(What this task involves)
What you return must be the full listing, word for word, with no images in it.

(Supplied data)
□ □ □ □ □
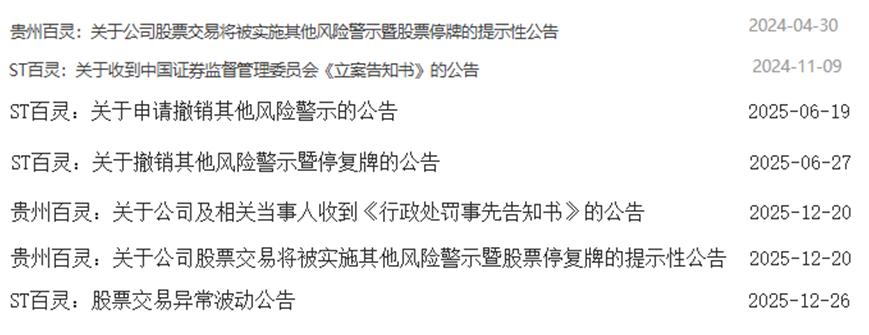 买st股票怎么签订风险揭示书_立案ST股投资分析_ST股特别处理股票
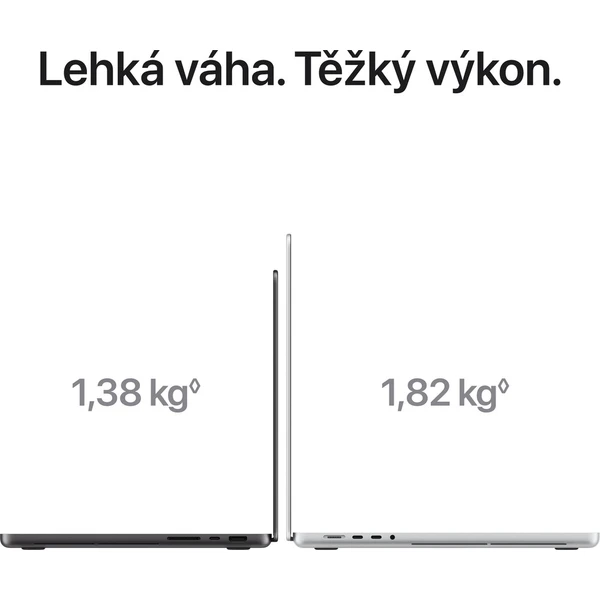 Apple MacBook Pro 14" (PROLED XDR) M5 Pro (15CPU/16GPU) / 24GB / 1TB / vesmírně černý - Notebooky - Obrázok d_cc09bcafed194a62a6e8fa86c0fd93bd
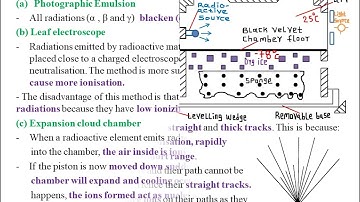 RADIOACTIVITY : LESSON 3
□ □ □ □ □
(Result of this task)
 买st股票怎么签订风险揭示书_立案ST股投资分析_ST股特别处理股票
 Apple MacBook Pro 14" (PROLED XDR) M5 Pro (15CPU/16GPU) / 24GB / 1TB / vesmírně černý - Notebooky - Obrázok d_cc09bcafed194a62a6e8fa86c0fd93bd
 RADIOACTIVITY : LESSON 3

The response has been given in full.